Exercise requirements: Set down exactly, with nothing added, the lines from the one containing "MORPHE BLACK OUT LIQUID EYELINER 1.7 ML" through the end of the entries.

Data:

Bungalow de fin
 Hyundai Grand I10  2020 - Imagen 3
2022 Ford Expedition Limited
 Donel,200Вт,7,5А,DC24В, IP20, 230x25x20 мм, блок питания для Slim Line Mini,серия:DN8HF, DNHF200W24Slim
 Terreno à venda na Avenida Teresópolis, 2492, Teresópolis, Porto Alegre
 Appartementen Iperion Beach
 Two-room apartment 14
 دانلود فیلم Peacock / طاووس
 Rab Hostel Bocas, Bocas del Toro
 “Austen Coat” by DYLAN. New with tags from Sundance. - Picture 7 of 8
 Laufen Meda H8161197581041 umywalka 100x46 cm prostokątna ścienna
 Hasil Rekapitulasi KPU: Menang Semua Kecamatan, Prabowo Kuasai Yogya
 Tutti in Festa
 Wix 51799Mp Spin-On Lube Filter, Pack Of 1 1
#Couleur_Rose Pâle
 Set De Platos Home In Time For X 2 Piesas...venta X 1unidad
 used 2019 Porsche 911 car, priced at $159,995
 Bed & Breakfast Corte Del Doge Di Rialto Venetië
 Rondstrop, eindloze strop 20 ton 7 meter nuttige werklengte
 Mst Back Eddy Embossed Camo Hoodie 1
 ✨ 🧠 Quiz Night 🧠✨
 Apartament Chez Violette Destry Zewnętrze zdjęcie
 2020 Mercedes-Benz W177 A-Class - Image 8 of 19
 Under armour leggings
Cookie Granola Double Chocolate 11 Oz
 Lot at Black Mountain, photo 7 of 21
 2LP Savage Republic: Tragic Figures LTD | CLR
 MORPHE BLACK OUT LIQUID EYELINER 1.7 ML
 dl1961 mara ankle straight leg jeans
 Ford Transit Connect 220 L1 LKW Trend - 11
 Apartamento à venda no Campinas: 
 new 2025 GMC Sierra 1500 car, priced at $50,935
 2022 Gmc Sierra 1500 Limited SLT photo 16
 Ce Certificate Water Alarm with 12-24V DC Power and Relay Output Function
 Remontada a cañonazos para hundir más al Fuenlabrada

Task result:
 MORPHE BLACK OUT LIQUID EYELINER 1.7 ML
 dl1961 mara ankle straight leg jeans
 Ford Transit Connect 220 L1 LKW Trend - 11
 Apartamento à venda no Campinas: 
 new 2025 GMC Sierra 1500 car, priced at $50,935
 2022 Gmc Sierra 1500 Limited SLT photo 16
 Ce Certificate Water Alarm with 12-24V DC Power and Relay Output Function
 Remontada a cañonazos para hundir más al Fuenlabrada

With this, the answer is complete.